Les scientifiques Till Roethig et Oceana Salle en train de prélever des échantillons de corail aux Kiribati
Scientists sampling coral – © Pete West / Tara Expeditions Foundation

 

From the 15thto the 25thof June, the CSM team will concentrate their work on “tumors” found on corals, a phenomenon with poorly understood origins that affects more that 40 species of Scleractinian corals in the Indo-Pacific and Caribbean regions. This disease is characterized by an abnormal growth on a distinct area of the colony. Although the growths are known by some scientists as “tumors”, their malignancy remains to be determined. Yet, the origin of this disease may involve the bacteria living on the abnormal tissues.

 

FROM CORAL TO HUMAN HEALTH

Similar to classical model organisms, these “tumors” represent a unique opportunity for multiple studies that would enrich our knowledge of coral biology, as well as coral innate immunity, which shows close similarities to humans. In fact, studying diseases to understand how healthy organisms function was the central tenant of experimental medicine practiced in the middle of the 19thcentury by Claude Bernard, the father of modern medicine. The CSM researchers will apply the same approach to understand corals today.

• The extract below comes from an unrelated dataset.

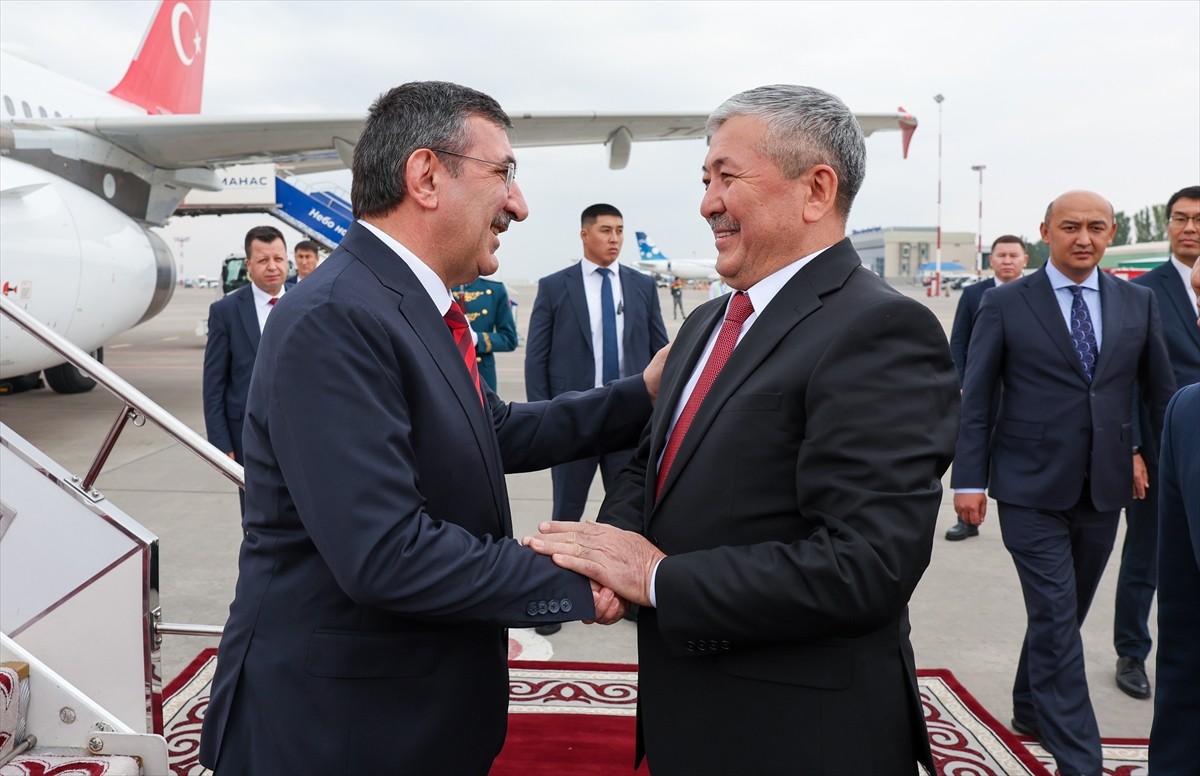 Karma Ekonomik Komisyonu 12. Dönem Toplantısı'na katılmak üzere Kırgızistan'a gelen Cumhurbaşkanı...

Beyond the importance of this project to the future of coral reefs, this work will also help us better forecast future biomedical or biological problems, such as the links between diseases and the interactions of host-pathogens. Thanks to its double capacity in coral and medical biology, the CSM is a unique laboratory possessing the expertise to study these abnormal growths from the colony to the gene.

 

tumour coral Porites lobata - Photo © CSM
Porites lobata coral: the immune response of the coral materializes through the pink colour. The tissues are sick, it may be a tumour – © CSM

 

Some samples from healthy and affected coral colonies will be immediately processed to extract molecules of interest in the laboratory of the Hawaiian Institute of Marine Biology (HIMB), before being shipped to Monaco. Others samples will be quarantined and shipped live to Monaco to be kept under controlled conditions in the laboratory. In total 120 samples will be collected from the three main reef-building coral species in Hawaii: Porites lobata, P. compressa, and Montipora capitata.

MONACO WILL CO-CHAIR THE INTERNATIONAL CORAL REEF INITIATIVE (ICRI) IN JULY 2018

As 2018 was announced the International Year of the Coral Reefs, this mission conducted by the CSM as part of the Monaco Explorations in collaboration with Tara and the FPA2, constitutes also the first contribution of the Principality of Monaco as co-chair of the ICRI. ICRI was founded in 1994, with the goal to internationally promote knowledge and solutions allowing the preservation of coral reefs and associated ecosystems. From July 2018 until 2020, Monaco, Australia and Indonesia will co-chair the organization. One of the goals to meet in 2020 is to produce a global report on the state of these ecosystems of considerable ecological and socio-economical importance.